Der frühere brasilianische Präsident Jair Bolsonaro wird wegen Putschvorwürfen vor Gericht gestellt. Der Oberste Gerichtshof das Landes befand am Mittwoch, dass ausreichend Beweise gegen den rechtsextremen Politiker für die Eröffnung eines Prozesses vorliegen. Bolsonaro soll versucht haben, den Amtsantritt seines linksgerichteten Nachfolgers Luiz Inácio Lula da Silva nach dessen Sieg bei der Präsidentschaftswahl im Oktober 2022 zu verhindern.

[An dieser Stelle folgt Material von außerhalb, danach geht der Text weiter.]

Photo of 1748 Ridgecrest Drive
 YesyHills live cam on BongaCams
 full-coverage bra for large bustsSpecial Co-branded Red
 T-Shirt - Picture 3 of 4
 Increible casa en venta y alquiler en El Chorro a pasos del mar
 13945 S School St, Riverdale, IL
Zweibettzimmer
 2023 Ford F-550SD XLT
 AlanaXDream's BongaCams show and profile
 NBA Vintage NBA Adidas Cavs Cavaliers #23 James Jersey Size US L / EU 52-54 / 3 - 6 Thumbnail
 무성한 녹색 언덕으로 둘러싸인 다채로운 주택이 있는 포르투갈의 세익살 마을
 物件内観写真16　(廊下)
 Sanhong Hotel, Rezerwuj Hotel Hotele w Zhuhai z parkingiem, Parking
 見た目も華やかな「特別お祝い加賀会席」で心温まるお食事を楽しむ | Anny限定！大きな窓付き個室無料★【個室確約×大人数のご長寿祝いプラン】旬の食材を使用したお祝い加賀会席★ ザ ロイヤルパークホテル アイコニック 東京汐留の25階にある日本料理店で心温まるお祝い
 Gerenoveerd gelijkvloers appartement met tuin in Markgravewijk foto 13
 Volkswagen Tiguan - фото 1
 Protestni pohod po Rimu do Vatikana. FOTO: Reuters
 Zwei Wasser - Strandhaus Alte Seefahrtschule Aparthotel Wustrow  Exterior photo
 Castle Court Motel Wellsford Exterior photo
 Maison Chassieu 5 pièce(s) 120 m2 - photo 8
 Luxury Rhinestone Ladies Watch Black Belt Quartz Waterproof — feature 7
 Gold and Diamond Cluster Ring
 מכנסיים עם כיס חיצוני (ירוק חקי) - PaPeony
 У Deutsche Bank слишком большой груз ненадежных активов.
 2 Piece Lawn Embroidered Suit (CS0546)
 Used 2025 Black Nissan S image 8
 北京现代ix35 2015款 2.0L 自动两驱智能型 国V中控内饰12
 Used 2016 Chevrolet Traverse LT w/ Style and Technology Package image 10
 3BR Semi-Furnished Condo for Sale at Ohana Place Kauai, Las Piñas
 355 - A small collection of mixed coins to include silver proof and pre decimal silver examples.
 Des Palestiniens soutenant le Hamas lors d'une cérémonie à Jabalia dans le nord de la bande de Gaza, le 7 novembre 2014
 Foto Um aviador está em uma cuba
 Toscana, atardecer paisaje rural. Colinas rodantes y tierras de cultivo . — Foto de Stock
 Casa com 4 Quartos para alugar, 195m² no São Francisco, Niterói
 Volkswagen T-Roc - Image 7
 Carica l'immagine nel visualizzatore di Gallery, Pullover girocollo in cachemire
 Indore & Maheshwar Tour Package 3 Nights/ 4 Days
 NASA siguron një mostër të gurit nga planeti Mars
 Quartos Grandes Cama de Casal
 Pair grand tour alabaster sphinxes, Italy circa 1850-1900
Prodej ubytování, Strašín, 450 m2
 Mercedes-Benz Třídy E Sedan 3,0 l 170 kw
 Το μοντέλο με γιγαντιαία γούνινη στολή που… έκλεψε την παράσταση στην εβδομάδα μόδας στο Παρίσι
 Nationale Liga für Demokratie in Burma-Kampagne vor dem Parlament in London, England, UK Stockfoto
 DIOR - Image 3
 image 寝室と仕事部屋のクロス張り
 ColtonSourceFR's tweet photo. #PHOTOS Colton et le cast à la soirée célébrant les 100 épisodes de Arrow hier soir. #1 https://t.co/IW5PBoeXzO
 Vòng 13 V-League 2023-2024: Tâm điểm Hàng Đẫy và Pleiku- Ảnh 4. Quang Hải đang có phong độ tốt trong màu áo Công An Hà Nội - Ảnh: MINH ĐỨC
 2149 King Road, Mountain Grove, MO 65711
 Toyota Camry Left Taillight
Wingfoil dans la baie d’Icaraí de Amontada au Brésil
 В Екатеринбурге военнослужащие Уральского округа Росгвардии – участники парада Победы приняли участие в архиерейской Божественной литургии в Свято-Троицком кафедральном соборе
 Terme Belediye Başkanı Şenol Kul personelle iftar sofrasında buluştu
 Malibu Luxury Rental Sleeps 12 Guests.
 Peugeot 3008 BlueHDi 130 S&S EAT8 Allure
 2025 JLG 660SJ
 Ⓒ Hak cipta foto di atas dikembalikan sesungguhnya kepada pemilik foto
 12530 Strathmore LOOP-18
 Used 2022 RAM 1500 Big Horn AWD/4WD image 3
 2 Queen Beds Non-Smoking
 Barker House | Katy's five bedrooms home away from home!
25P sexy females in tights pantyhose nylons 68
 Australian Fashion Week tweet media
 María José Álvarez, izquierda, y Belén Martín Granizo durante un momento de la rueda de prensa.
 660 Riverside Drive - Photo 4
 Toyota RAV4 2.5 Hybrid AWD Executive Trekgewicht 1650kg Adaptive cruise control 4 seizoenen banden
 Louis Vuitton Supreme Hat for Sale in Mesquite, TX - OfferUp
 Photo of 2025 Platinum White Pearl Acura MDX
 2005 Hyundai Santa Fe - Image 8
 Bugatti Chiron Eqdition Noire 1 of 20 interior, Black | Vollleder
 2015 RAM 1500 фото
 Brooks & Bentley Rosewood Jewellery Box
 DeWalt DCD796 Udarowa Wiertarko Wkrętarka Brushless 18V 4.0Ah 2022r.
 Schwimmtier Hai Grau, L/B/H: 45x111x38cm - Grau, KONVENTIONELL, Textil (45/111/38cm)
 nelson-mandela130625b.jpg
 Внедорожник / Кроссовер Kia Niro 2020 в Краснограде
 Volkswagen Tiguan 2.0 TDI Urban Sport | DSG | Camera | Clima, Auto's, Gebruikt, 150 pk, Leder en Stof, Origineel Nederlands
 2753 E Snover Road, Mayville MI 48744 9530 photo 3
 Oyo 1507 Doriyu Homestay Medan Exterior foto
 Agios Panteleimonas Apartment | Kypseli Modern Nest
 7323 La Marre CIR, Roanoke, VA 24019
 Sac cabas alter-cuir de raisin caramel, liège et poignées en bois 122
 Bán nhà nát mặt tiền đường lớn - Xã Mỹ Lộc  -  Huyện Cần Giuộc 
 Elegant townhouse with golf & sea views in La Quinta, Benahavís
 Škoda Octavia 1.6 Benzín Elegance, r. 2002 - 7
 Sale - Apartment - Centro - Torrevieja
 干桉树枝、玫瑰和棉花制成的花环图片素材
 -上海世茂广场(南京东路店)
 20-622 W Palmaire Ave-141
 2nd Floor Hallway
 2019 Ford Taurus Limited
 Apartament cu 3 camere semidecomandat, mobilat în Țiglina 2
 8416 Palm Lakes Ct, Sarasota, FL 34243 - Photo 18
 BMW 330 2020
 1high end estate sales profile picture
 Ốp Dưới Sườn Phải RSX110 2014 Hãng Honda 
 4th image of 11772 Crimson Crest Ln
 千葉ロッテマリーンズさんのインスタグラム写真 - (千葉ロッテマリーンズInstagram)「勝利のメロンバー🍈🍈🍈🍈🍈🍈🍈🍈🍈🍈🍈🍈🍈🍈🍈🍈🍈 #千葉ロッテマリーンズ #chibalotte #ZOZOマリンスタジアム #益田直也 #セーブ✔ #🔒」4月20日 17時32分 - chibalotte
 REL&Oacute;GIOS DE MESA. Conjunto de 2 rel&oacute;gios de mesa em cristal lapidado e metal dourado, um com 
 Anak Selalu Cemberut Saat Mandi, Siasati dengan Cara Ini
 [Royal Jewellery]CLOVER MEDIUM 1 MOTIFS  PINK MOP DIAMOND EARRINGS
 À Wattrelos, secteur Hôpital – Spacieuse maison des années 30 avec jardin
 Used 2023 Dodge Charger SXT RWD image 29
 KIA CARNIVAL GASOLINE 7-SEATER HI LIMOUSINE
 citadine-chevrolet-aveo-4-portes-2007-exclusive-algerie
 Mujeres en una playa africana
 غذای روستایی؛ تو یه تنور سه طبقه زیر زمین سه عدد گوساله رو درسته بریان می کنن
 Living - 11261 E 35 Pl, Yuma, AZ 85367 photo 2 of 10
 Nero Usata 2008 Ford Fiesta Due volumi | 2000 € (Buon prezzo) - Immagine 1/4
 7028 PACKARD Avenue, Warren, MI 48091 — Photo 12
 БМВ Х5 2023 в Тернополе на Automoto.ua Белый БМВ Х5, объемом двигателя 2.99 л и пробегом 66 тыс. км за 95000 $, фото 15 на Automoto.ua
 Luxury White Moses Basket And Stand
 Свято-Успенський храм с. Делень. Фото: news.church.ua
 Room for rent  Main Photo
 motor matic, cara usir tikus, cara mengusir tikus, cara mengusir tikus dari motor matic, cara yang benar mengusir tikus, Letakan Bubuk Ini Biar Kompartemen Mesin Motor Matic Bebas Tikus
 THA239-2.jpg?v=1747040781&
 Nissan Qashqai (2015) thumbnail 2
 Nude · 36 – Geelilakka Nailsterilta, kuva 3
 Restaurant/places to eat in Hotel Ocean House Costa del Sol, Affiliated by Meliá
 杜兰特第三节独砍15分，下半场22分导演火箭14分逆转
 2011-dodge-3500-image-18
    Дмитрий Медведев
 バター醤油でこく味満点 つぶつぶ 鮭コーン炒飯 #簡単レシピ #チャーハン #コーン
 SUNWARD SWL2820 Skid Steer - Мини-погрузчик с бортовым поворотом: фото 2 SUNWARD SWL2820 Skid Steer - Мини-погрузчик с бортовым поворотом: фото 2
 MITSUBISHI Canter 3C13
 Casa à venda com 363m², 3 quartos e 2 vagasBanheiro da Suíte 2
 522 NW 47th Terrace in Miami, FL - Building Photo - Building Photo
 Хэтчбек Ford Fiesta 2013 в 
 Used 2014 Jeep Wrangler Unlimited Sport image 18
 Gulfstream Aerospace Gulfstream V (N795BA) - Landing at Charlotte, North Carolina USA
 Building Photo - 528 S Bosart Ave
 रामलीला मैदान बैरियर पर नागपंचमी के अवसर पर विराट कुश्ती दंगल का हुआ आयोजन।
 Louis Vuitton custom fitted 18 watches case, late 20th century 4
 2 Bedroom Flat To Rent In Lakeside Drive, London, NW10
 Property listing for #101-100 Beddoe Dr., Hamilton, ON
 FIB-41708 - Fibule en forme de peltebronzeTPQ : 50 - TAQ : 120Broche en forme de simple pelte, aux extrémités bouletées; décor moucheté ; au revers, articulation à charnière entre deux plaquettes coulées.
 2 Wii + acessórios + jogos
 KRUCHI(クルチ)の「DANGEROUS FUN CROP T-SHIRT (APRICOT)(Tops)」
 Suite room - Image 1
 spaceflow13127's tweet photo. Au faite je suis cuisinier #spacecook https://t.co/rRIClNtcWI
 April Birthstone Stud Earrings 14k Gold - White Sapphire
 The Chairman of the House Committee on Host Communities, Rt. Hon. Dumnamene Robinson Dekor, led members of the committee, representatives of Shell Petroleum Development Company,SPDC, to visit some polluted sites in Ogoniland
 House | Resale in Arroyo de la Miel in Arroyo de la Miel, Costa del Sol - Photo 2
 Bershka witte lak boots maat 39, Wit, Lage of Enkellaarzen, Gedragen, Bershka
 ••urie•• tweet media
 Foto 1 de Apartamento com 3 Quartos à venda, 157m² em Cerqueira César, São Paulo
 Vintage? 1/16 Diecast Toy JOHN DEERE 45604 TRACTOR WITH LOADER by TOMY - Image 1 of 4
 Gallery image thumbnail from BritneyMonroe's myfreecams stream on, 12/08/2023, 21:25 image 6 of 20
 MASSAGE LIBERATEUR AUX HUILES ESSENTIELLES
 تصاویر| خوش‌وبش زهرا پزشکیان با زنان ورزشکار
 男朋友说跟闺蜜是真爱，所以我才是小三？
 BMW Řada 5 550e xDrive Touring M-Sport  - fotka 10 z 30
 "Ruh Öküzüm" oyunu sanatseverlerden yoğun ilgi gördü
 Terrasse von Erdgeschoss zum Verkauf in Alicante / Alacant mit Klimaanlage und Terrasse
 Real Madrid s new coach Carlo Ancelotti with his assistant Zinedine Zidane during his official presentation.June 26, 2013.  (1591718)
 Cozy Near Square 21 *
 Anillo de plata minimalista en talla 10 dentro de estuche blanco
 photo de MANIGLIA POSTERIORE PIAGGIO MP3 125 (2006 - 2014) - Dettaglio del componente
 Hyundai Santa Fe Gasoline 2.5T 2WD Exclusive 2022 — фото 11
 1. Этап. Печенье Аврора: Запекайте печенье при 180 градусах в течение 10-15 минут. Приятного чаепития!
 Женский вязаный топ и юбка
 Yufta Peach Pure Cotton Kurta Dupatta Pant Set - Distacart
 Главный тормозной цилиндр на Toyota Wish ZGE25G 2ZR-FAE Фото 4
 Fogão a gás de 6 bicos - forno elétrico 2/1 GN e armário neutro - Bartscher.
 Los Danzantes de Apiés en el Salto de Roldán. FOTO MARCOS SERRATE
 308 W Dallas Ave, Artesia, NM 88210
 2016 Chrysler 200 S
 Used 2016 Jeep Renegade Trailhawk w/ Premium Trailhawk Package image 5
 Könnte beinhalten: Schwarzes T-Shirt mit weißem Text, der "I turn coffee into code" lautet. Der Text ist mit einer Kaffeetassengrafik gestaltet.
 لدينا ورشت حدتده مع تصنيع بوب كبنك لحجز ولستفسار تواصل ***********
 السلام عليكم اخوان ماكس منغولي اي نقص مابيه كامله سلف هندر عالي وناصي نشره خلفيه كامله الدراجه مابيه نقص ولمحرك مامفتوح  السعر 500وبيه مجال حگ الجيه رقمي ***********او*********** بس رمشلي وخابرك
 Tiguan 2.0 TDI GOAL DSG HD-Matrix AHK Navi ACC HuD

Die Staatsanwaltschaft hatte am 19. Februar formell Anklage gegen Bolsonaro wegen Putschversuchs erhoben. Zu den fünf Anklagepunkten zählt auch die Bildung einer „bewaffneten kriminellen Organisation“, die einen Plan zur Ermordung von Lula, seines Stellvertreters und eines Richters am Obersten Gerichtshof, Alexandre de Moraes, ausgearbeitet haben soll.
Moraes ist ein erklärter Erzfeind Bolsonaros und einer der Richer in dem aktuellen Fall. Ein weiterer Anklagepunkt lautet auf „Versuch der gewaltsamen Abschaffung des demokratischen Rechtsstaats“.
Ein fünfköpfiges Richtergremium des Obersten Gerichts sprach sich nun einstimmig dafür aus, die Anklage gegen Bolsonaro zuzulassen. Moraes war der erste Richter, der sich in der live im Fernsehen übertragenen Anhörung äußerte. Bei einer Verurteilung drohen dem 70-jährigen Bolsonaro mehr als 40 Jahre Haft.
Insgesamt wurden im Februar 34 Menschen, darunter mehrere ehemalige Minister und ranghohe Militärs, angeklagt, sich verschworen zu haben, um eine Rückkehr des derzeit amtierenden Präsidenten Lula zu verhindern. Laut Staatsanwaltschaft kam es nur deswegen nicht zum dem Putsch, weil in der Militärführung letztlich der notwendige Rückhalt fehlte.
Bolsonaro, der von 2019 bis 2022 Präsident Brasiliens war, wies am Dienstag in einer Erklärung alle Vorwürfe zurück. „Sie beschuldigen mich eines Verbrechens, das ich nicht begangen habe“, erklärte der rechtsextreme Politiker. Er sei Opfer „der größten politisch-juristischen Verfolgung in der Geschichte Brasiliens“.
Bolsonaro hofft – ähnlich, wie es dem ideologisch nahestehenden US-Präsidenten Donald Trump gelungen war – auf ein politisches Comeback und will 2026 bei der nächsten Präsidentschaftswahl in seinem Heimatland antreten. Das darf er aber nach jetzigem Stand gar nicht: Das brasilianische Wahlgericht schloss Bolsonaro 2023 bis 2030 von politischen Ämtern aus, da er ohne Beweise die Zuverlässigkeit des elektronischen Wahlsystems in Zweifel gezogen hatte.
Der linksgerichtete Lula hatte im Oktober 2022 die Präsidentschaftswahl gegen Bolsonaro gewonnen und am 1. Januar 2023 sein Amt angetreten. Eine Woche später wurde Brasilien von gewaltsamen Ausschreitungen erschüttert, als Bolsonaro-Anhänger den Kongress, den Amtssitz des Präsidenten sowie das Oberste Gericht stürmten und dort stundenlang schwere Verwüstungen anrichteten.
Bolsonaro ist bereits der zweite brasilianische Ex-Präsident binnen weniger als zehn Jahren, der sich in einem Strafverfahren verantworten muss. Im Juli 2017 wurde der damalige Ex-Präsident Lula wegen Korruption für schuldig befunden. Er verbrachte eineinhalb Jahre im Gefängnis – später wurde sein Urteil vom Obersten Gerichtshof aufgehoben.